▶ **What you are asked to do**:
What you return must match the listing below line for line, minus its pictures.

▶ **The input**:
***
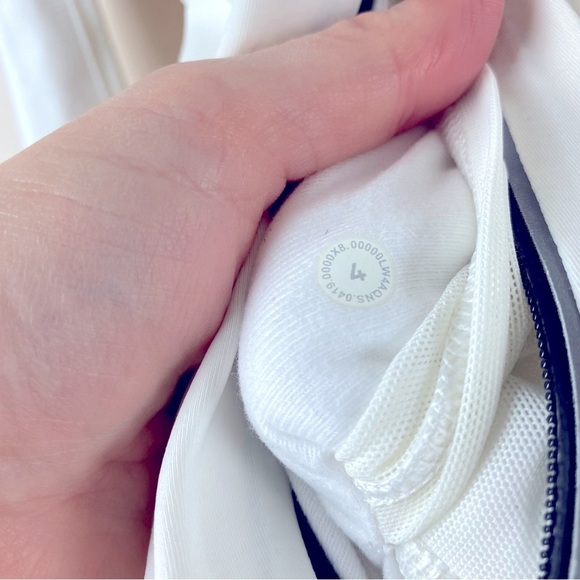 Lululemon Cross Chill Jacket - Picture 3 of 11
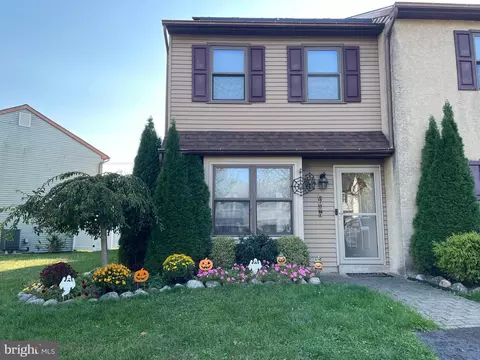 127 Redwood Dr, Quakertown, PA 18951
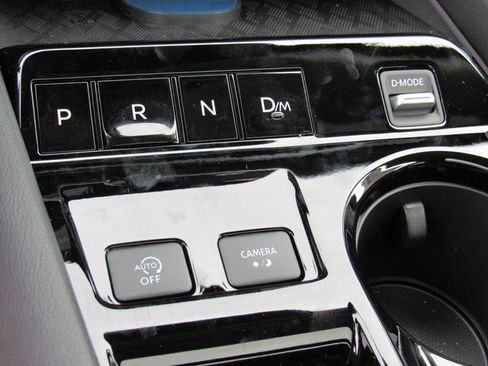 New 2026 Nissan Murano SL image 17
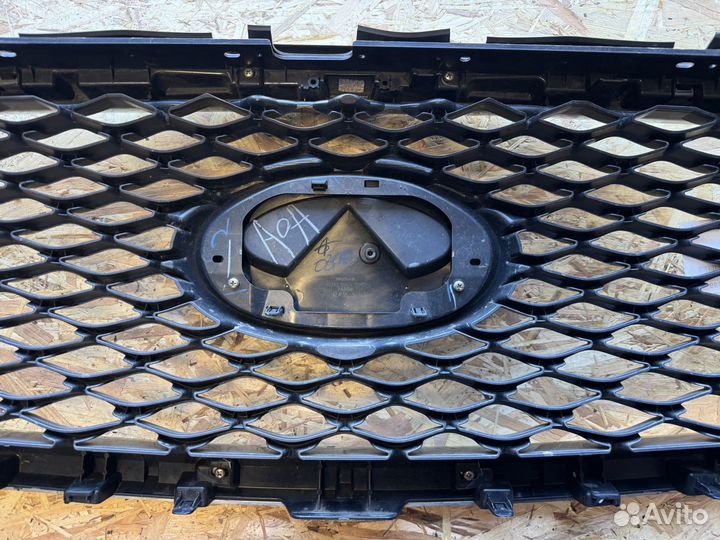 Решетка радиатора Infinity QX50 628905NA0A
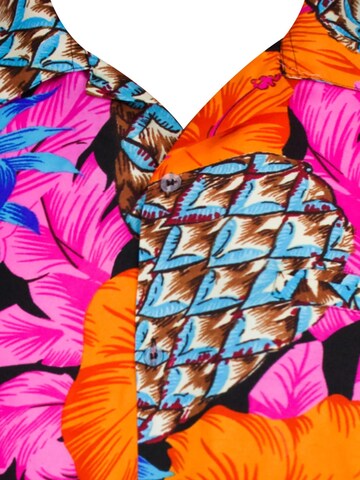 King Kameha Shirt 'Pineapple Hibiscus Black Line' in Roze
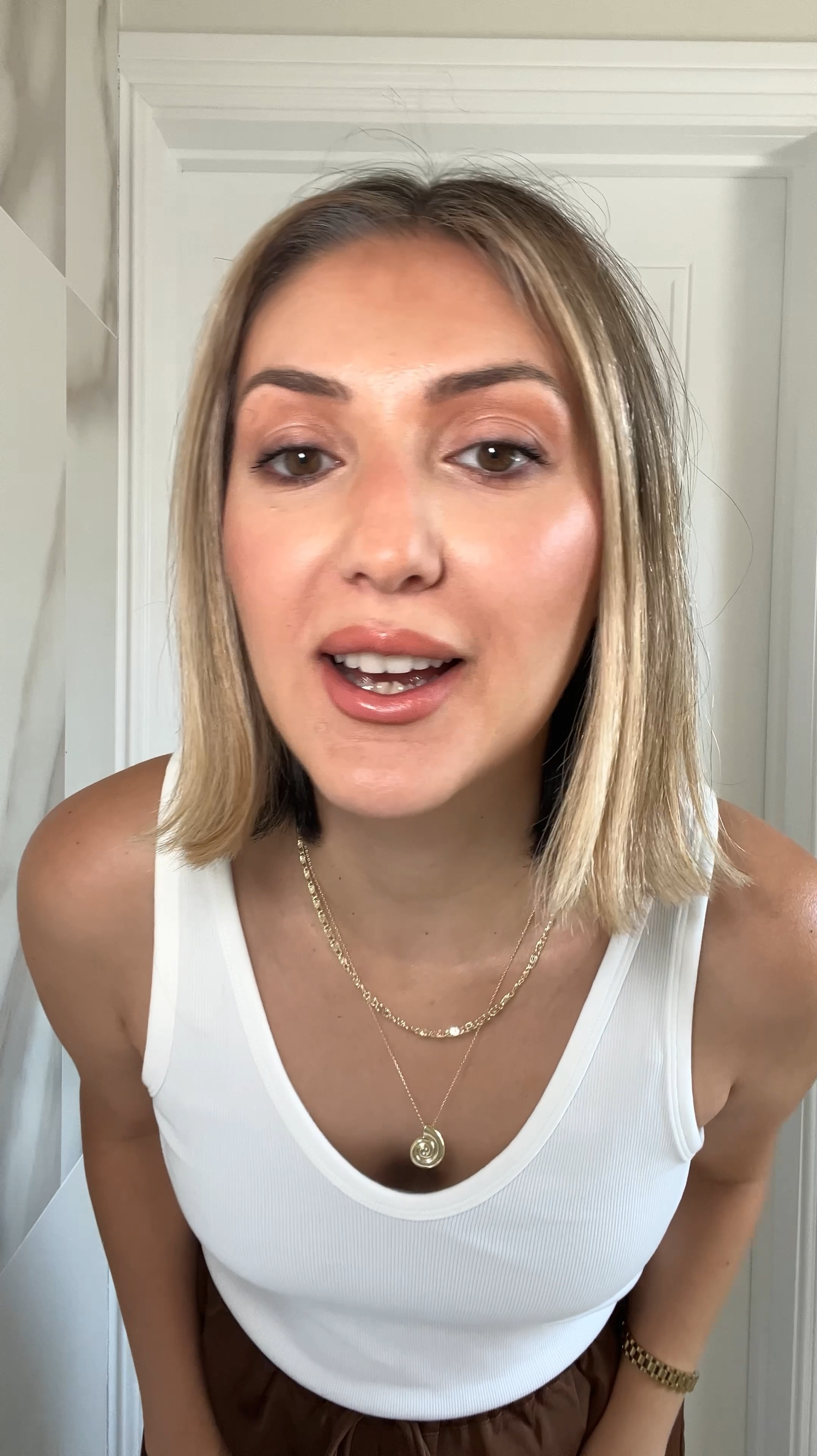 My new summer jewelry pieces I wore out to a lunch in Malibu! These are water-resistant, tarnish-resistant, sweat-friendly so perfect for the warmer weather and vacays. 

@analuisany #AnaLuisa #AnaLuisaAmbassador #BestDeal #ad 

Necklace
Earrings 
Watch strap bracelet 
Accessories 
Summer outfit
Vacation outfits 


#LTKTravel #LTKStyleTip #LTKSwim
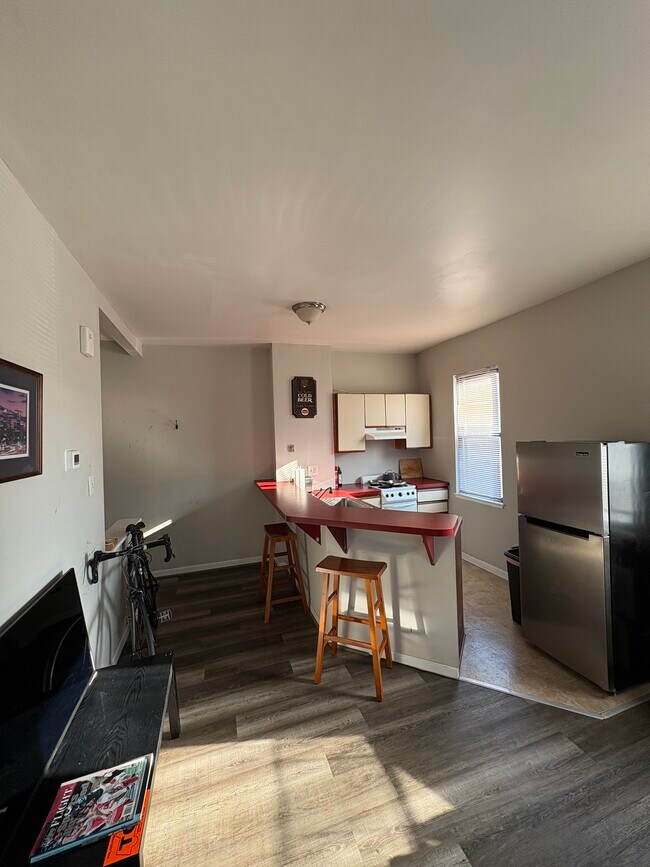 Foto del edificio - 2749 Harper St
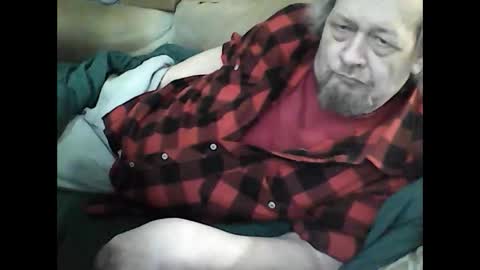 HoneyCumJuice4U online show from April 24, 10:01 pm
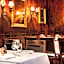 Les Armures Hotel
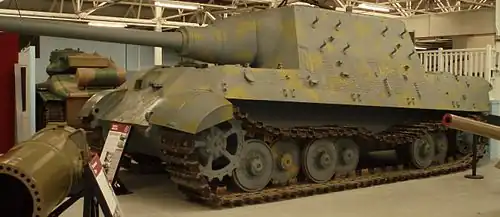 Vue de profil du Jagdtiger no&nbsp;305004. À noter le 5e roulement manquant.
***
▶ **Exercise output**:
 Lululemon Cross Chill Jacket - Picture 3 of 11
 127 Redwood Dr, Quakertown, PA 18951
 New 2026 Nissan Murano SL image 17
 Решетка радиатора Infinity QX50 628905NA0A
 King Kameha Shirt 'Pineapple Hibiscus Black Line' in Roze
 My new summer jewelry pieces I wore out to a lunch in Malibu! These are water-resistant, tarnish-resistant, sweat-friendly so perfect for the warmer weather and vacays. 

@analuisany #AnaLuisa #AnaLuisaAmbassador #BestDeal #ad 

Necklace
Earrings 
Watch strap bracelet 
Accessories 
Summer outfit
Vacation outfits 


#LTKTravel #LTKStyleTip #LTKSwim
 Foto del edificio - 2749 Harper St
 HoneyCumJuice4U online show from April 24, 10:01 pm
 Les Armures Hotel
 Vue de profil du Jagdtiger no&nbsp;305004. À noter le 5e roulement manquant.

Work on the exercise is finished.